For reported receptive vocabulary, pointing experience alone explains 16.64% of the variance in vocabulary (adjusted-R²=0.14, p=.012), while walking experience alone explains virtually none (adjusted-R²=0.02, p=0.19). When adding both point and walk experience, the model accounts for 18.72% of the variance in receptive vocabulary (adjusted-R²=0.14, p=.029). In this model, point experience is a significant predictor (β_point−exp=0.07, p=.022), but walk experience is not (β_walk−exp=0.03, p=.357). The model with both point and walk experience is not a significant improvement over a model with only point experience (χ²=0.87, p=.357). See Table S5 in Supplementary Materials. Thus, the best model for predicting receptive vocabulary includes only point experience (and not walk experience) as a predictor. See Figure 6.

Figure 6.

Infants’ 17-month vocabulary as a function of months of experience pointing and walking. Ribbon represents 95 percent confidence interval. Point experience was a significant predictor of reported receptive vocabulary (red line, top panel).

For reported productive vocabulary, as in the preceding set of longitudinal status models, the results showed the same pattern as for reported receptive vocabulary, but were weaker. The model with point experience alone accounted for a marginally significant 8.05% of the variance in productive vocabulary (adjusted-R²=0.05, p=.084). Again, walk experience did not explain significant variance in vocabulary (adjusted-R²=−0.01, p=0.39). Finally, the model with both pointing and walking experience did not account for significant variance overall (adjusted-R²=0.04, p=.188), and neither point experience (β_point−exp=0.14, p=.108) nor walk experience (β_walk−exp=0.06, p=.530) were significant predictors. See Table S6 in Supplementary Materials. Thus, as for receptive vocabulary, adding walk status did not improve model fit; point status provided a marginally significant improvement in fit. See Figure 6.

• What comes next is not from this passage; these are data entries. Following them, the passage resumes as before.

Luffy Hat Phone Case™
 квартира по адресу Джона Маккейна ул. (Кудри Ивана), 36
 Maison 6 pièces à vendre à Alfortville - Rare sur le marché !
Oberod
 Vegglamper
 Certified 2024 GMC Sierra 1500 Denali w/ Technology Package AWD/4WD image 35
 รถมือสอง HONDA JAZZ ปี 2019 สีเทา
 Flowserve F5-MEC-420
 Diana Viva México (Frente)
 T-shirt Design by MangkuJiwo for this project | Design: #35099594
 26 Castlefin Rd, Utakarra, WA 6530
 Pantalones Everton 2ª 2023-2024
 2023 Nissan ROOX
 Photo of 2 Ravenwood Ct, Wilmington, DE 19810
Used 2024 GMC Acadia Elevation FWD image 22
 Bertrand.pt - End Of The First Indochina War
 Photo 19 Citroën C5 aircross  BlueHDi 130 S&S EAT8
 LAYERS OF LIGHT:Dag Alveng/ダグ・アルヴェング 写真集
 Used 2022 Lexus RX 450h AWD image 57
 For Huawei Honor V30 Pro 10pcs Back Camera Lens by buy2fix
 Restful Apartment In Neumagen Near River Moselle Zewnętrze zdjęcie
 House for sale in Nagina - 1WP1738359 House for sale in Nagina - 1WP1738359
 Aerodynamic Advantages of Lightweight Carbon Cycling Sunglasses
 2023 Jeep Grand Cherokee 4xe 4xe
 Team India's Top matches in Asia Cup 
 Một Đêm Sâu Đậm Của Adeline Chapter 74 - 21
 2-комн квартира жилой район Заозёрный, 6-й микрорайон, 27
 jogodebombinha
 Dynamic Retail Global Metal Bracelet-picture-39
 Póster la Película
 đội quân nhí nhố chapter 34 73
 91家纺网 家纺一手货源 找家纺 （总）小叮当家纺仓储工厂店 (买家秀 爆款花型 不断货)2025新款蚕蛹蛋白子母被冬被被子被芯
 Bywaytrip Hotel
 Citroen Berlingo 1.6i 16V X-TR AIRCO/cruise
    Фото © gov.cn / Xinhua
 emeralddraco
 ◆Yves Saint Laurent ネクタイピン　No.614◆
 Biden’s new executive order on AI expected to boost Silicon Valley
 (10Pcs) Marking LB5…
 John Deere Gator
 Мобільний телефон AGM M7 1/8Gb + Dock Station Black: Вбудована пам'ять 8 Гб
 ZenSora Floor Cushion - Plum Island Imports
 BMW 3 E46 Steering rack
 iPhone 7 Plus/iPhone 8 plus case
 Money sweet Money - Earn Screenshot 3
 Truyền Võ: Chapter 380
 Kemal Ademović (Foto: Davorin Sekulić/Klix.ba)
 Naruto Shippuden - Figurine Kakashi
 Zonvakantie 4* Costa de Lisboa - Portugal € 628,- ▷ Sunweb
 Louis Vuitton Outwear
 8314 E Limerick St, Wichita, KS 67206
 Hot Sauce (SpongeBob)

Finally, for observed productive vocabulary, neither point experience (adjusted-R²=0.00, p=.337) nor walk experience (adjusted-R²=−0.01, p=.483), nor both together (adjusted-R²=−0.02, p=.565) explained significant variance in vocabulary. See Table S7 in Supplementary Materials. Thus, as in the preceding set of longitudinal skill onset models, neither point nor walk experience were a good fit to observed productive vocabulary. See Figure 6. Summarily, models predicting 17 month vocabulary as a function of point and walk experience found moderate evidence in support of an effect of point experience (particularly for reported vocabulary), but no support for an analogous effect of walk experience.

Discussion

The results above provide several key findings in answer to our two questions: the nature of the links between pointing, walking, and talking and the degree to which parental report and lab-observed data for these milestones are aligned. We found that alignment between parental report and observational data varied by skill, with strongest correlations for walking and for estimates of productive vocabulary at 11–17 months. We found that the age of acquisition of one milestone did not directly predict the age the others came online. In both age-held-constant and longitudinal analyses of skill status and experience, we found relatively robust evidence that pointing was tied to higher vocabulary. In contrast, we did not find evidence that vocabulary was modulated by walk status or experience in this sample.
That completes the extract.